The recent German horror import Friend Request was always going to suffer unfavorable comparisons to its found footage American predecessor, Unfriended. Not only was the film originally titled Unfriend in its German release, but it also follows a plot about a group of morally flawed teens who are hunted through social media from beyond the grave by the vengeful ghost of a peer they bullied into suicide, just like in Unfriended. Although it generally has been met with shitty reviews and an ocean of eyerolls, I quite enjoyed Friend Request as a modern slice of digital schlock. It’s in so many ways a conventional horror film that just happens to graft itself onto themes of social media-era technophobia, but those are two aesthetics I generally have a fun time with, so the proposition of that formula isn’t such a raw deal for me. The film’s comparisons to Unfriended, the Citizen Kane of its micro-genre, did the film no favors, however. By stripping Unfriended of its defining found footage gimmick & applying its same story to a more formulaic horror aesthetic, Friend Request illustrates just how silly & ineffective that Blumhouse-produced modern classic could have been if mishandled. You can’t fully appreciate the tonal miracle of Unfriended‘s social media horror achievements until you see the film cheapened by Friend Request, which wasn’t anywhere nearly as committed to their shared gimmick.

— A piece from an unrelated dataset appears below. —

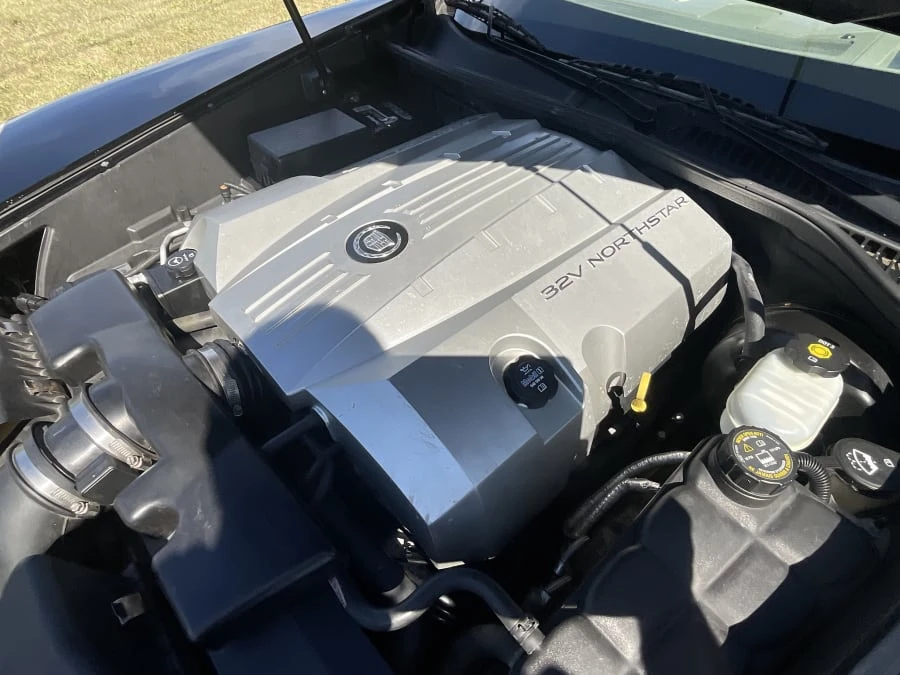 2004 Cadillac XLR - Image 12 of 13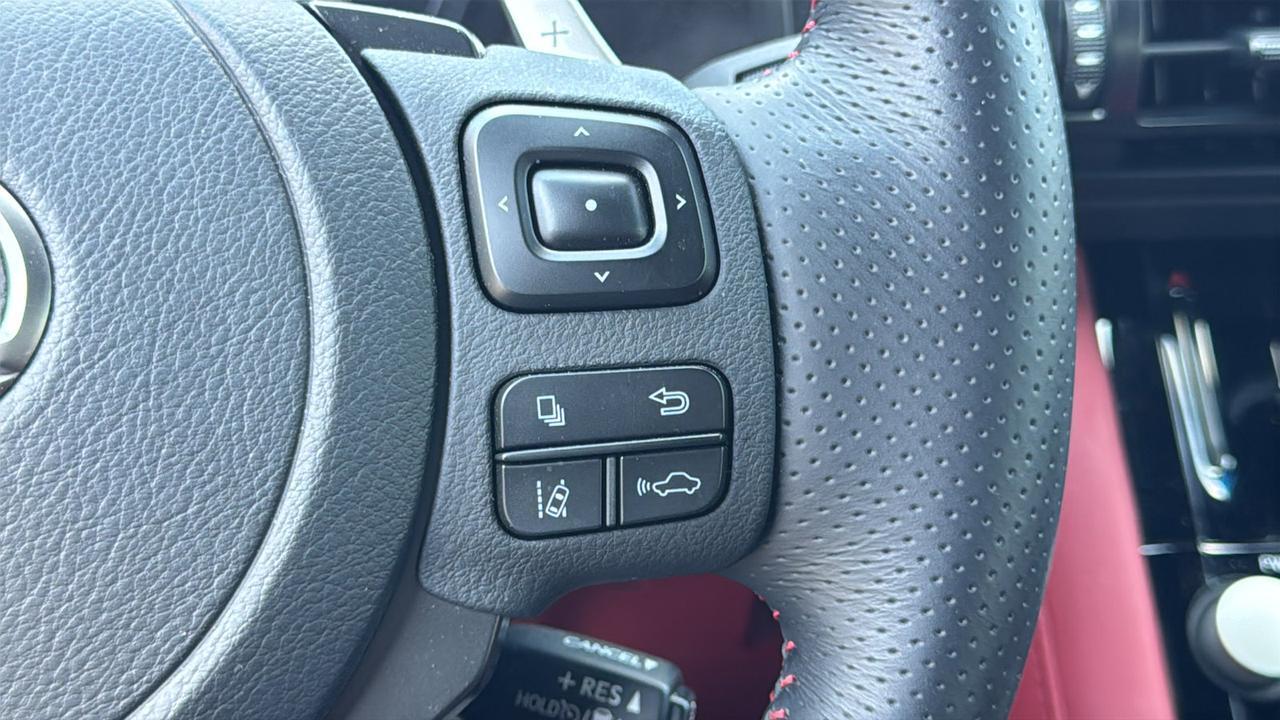 2023 Lexus IS 350 F SPORT  Selma TX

The thing I love most about social media horror & thrillers of the 2010s is the way they document the mundane details of what modern communication actually looks like. Unfriended‘s structure as an 80 minute “real time” conversation via Skype, framed from the POV of the Final Girl’s laptop, could not be a more perfect vessel for that kind of internet-age time capsule. An unseen laptop operator clicks from program to program (Facebook, Skype, music players, meme generators, creepypasta forums, Chat Roulette, etc.), simulating the exact experience of communicating in a groupchat circa 2014 (give or take a murderous ghost). Friend Request is much looser in its social media documentation. Before its various kill scenes start bloodying up the screen, the film does pay a lot of attention to what scrolling through a “Facebook” timeline looks like (it’s actually a generic knockoff of Facebook, but the effect is the same). The plot is advanced through timeline-scrolling montage, with attention paid to mundane functions like cover photos, “liking,” “friending,” etc. When the killer Facebook ghost starts tormenting her main victim with video posts of their friends’ suicides, the film also lingers on details like error messages, deleting posts, disabling accounts, etc. The traditional ghost story narrative structure of the film (as opposed to Unfriended‘s found footage structure) prevents it from capturing too much of the 2010s social media zeitgeist past that, though, as only a few stray details can make it to the screen between kills.
Fully committing to the social media gimmick does more to distinguish Unfriended from Friend Request than just in terms of memorable novelty & capturing a cultural time capsule; it also makes for a genuinely eerie movie-watching experience for the audience. Watching a story unfold on a laptop screen feels real to our own experience browsing the internet (whether or not we’re idiot teen bullies who deserve to be murdered by a vengeful ghost). This verisimilitude extends to the frustration of pop-up ads, lagging, and desire to control the mouse cursor ourselves in a way that builds genuine tension between each supernatural kill. Stripped of that gimmick, Friend Request struggles to find ways to make the 2010s social media experience scary. Instead, it looks to generic, haunted house-setting horror movie scares to build that tension, constructing its kills around the mirrors, baby doll parts, woodland settings, and swarming bugs we’ve seen so many times before. Without that tension, the movie’s technophobic scares amount to something much sillier than what the (playful, but effective) kills that Unfriended achieves. When the Facebook ghost is revealed to be employing “demonic” code that transcends our 1’s & 0’s or when the laptops themselves are designated as being evil, dark magic objects that must be destroyed, the film can only be appreciated as a goof. Thankfully, it knows how silly it’s being and makes room for lines like “Unfriend the dead bitch!” in its porn-tier dialogue.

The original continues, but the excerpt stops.